模写・模造と日本美術展
東京国立博物館、平成館2階の向かって右側では現在、“模写・模造と日本美術展”が開かれている(9/11まで)。
この展覧会がはじまったのは知っていたが、平常展の方に関心が高く、模写展はパスしてきた。が、模写展が遣唐使展と連動しているので、ここもぐるっと見てきた。
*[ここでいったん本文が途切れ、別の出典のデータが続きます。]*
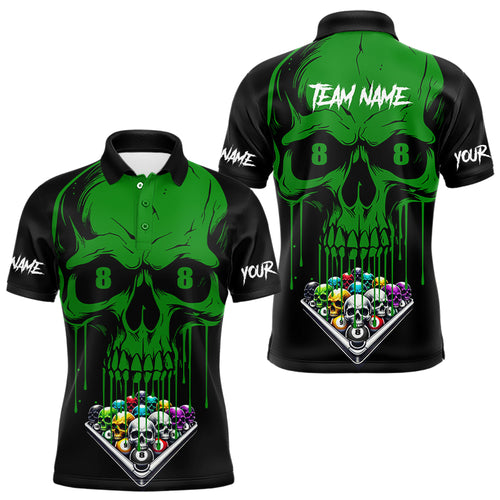 Personalized Green Skull Billiard Balls Funny Pool Shirts For Men Custom Unique Billiard Jerseys TDM3199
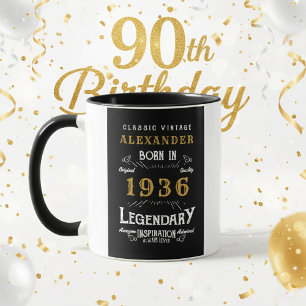 Personalized 90th Birthday Born 1936 Vintage Black Mug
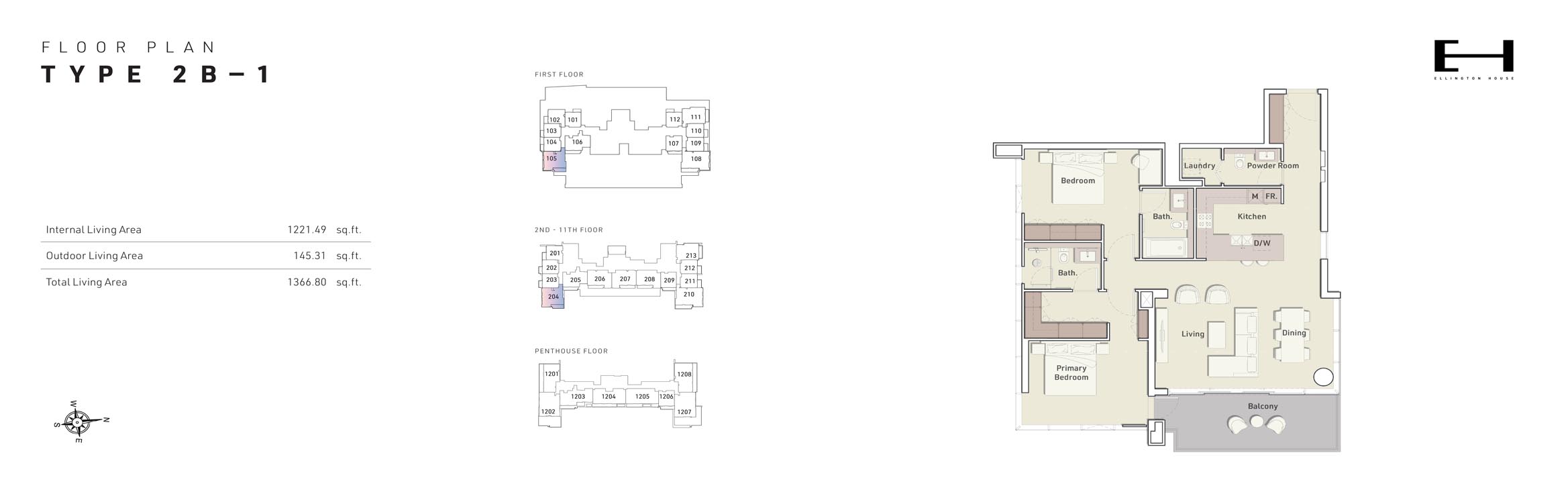 Ellington House 2BR floor plan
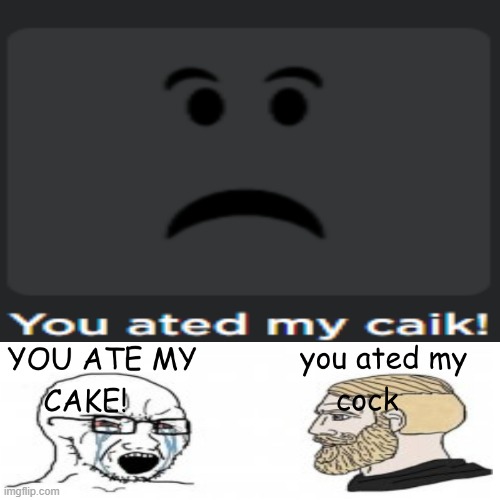 You ated my caik! | image tagged in funny,roblox,e | made w/ Imgflip meme maker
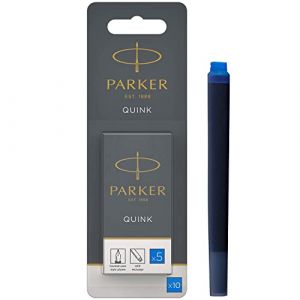 Parker cartouches d'encre pour stylo plume | longue | encre bleue effa&ccedil;able QUINK | Lot de 5 (emballage blister) (Papeterie Libellus, neuf)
事前情報が全く無かった分、驚きも大きかった。模写や模造する人が古今のビッグ
ネーム。かれらの手になる絵画、仏像、工芸品の忠実な模写・模造は出来栄えが素晴
らしく、原本を見た気分になる。コピー品をつくる目的は作者の技術向上、創造の
心得を原本に学ぶところにあるかもしれない。観る側にとってはなかなかお目にか
かれない原本の雰囲気を模写により味わえるというメリットがある。今回このメリットを
感じた作品がいくつもあった。
例えば、ボストン美術館が所蔵してる“平治物語絵巻”の模写。3点ある平治物語絵巻
のなかでも最高傑作といわれるのがこの絵。燃え上がる炎の迫力をいつか見た
いと願っていたが、模写ではあるが思いもかけず実現した。また、前田青邨らが手が
けた“高松塚古墳壁画”にも感動した。本物の壁画は関係者しかみれないのだから、
模写がみれるのは有難いこと。画技の高い前田青邨の模写なので、本物と変らないと
思ってみた。
そして、追っかけていた仏画、右の“阿弥陀聖衆来迎図”(国宝)に出会った。描き方
が上手いのか模写が気にならない。来迎図は臨終が近い人のもとに阿弥陀が来迎し、
浄土の世界に連れていく姿を描いたもの。中央の阿弥陀如来とその周辺の僧と供物を
持つ菩薩は一つの雲上に乗っている。前に、先導する観音菩薩と勢至菩薩。来迎の
タイプはいくつもあり、知恩院のものは往生する人を画中に描き入れている。
この模写は下村観山らの制作であるが、同志の横山大観は雪舟の山水図を、菱田春
草は仏画の一字金輪像を描いている。こうした過去の名画を再生する技を持っている
ところが凄い。絵画だけでなく、正倉院宝物の螺鈿作品など工芸品にも圧倒される。
模写・模造ということが表記されなければ、間違いなく本物と思ってしまう作品が多か
った。こんなお宝の展覧会を危うく見逃すところだった。